Coal Hollow: Photographs and Oral Histories.
Photographs by Ken Light and oral histories by Melanie Light, with forewords by Orville Schell and Robert B. Reich.
University Of California Press, Berkeley, 2006. 152 pp., black-and-white illustrations throughout, 11x11″.
You load sixteen tons, and what do you get?
Another day older and deeper in debt
St. Peter don’t you call me, ’cause I can’t go
I owe my soul to the company store.
As I read the oral history of Neale Clark, a local news-paper reporter of Oak Hill, West Virginia, recounting the mining days of the early 1900s I remembered this song chorus. These coal hollows are places rich in folklore and folk songs. Mother Jones had a presence here. This song stayed with me through all of Ken Light’s piercing black-and-white photographs of coal communities today trying to hold on and barely surviving. This year was a sad year for the families of the mining industry and the media attention of the Sago mine accident makes the faces in these images seem more familiar.

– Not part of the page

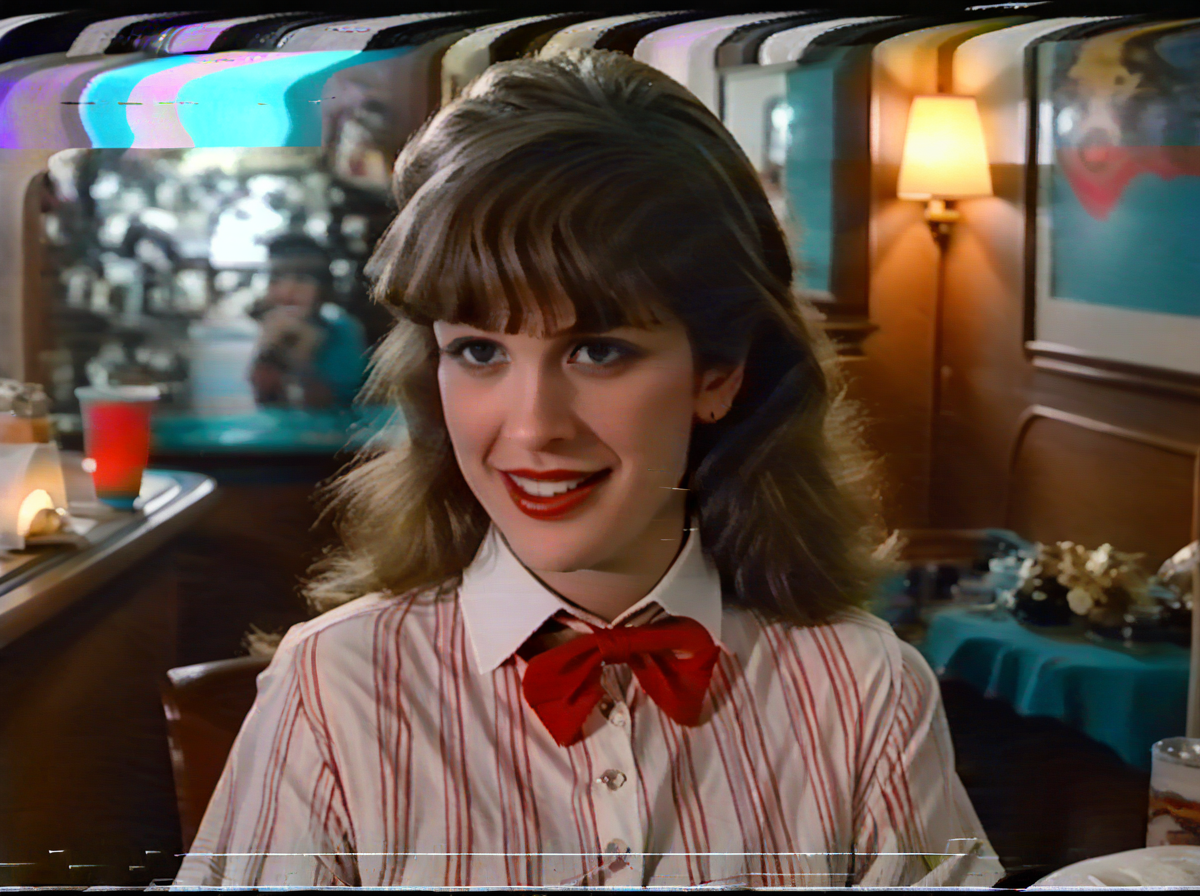 <lora:VHS_Pony:1.9> a waitress wearing red bowtie, red and white shirt, striped shirt,  red lips, smile, close-up, solo, short sleeves, (black hair, bangs:1.1), vhs,(glitch:2.2), cafe, white collar,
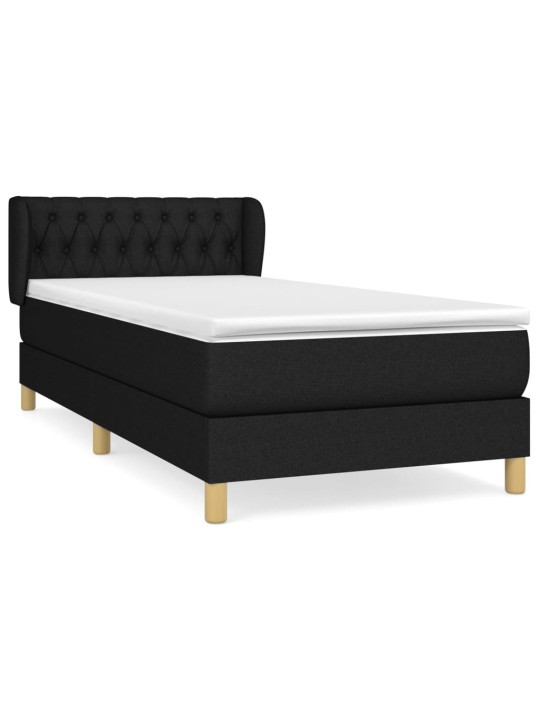 Box spring postel s matrací černá 100 x 200 cm textil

In Coal Hollow, the Lights convey the day-to-day reality and negative impact of the coal mining industry. In addition to the photographs, the book includes oral histories conducted by Melanie Light that provide insight into the continuing saga of poverty and humanity in Appalachia. The diversity of those interviewed is commendable, however they are too loosely affiliated with the photographs to give anything more than a general voice behind the composite group represented. There are pockets of poverty in the United States that rival some countries classified as undeveloped, and many of these pockets are found in the mountain valleys of West Virginia. Coal Hollow brings to light the social situation in these coal mining communities. – Larissa Leclair
Originally published in the Photo-eye Booklist, Summer 2006.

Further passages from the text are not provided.